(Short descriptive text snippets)
□ □ □ □

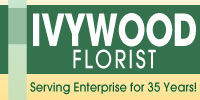 Ivywood Florist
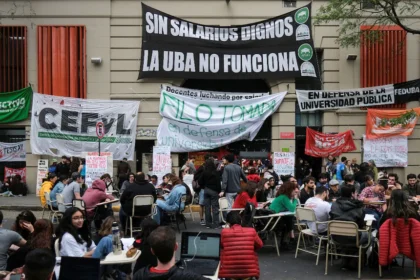 reves-para-el-gobierno-|-la-justicia-confirmo-que-el-ejecutivo-debe-cumplir-con-la-ley-de-financiamiento-universitario-y-actualizar-los-presupuestos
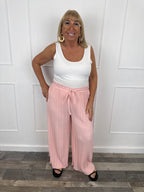Sharon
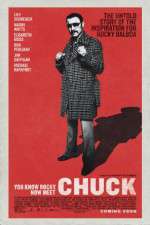 Watch Chuck Fmovies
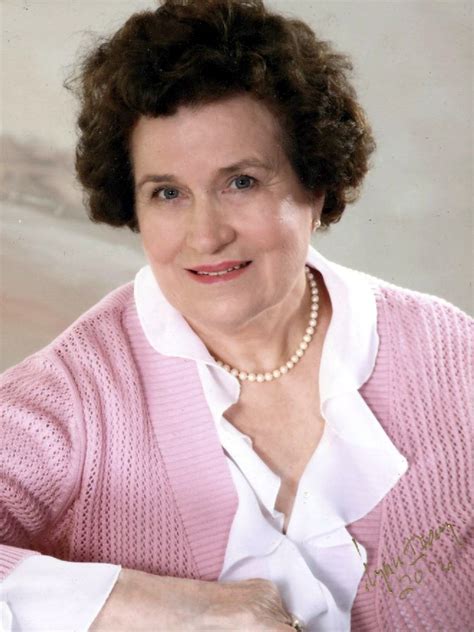 Margaret Knight Obituary Tallahassee Fl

□ □ □ □

Problem details:
A word-for-word copy of the records above is needed, pictures excluded.

Output below:
 Ivywood Florist
 reves-para-el-gobierno-|-la-justicia-confirmo-que-el-ejecutivo-debe-cumplir-con-la-ley-de-financiamiento-universitario-y-actualizar-los-presupuestos
Sharon
 Watch Chuck Fmovies
 Margaret Knight Obituary Tallahassee Fl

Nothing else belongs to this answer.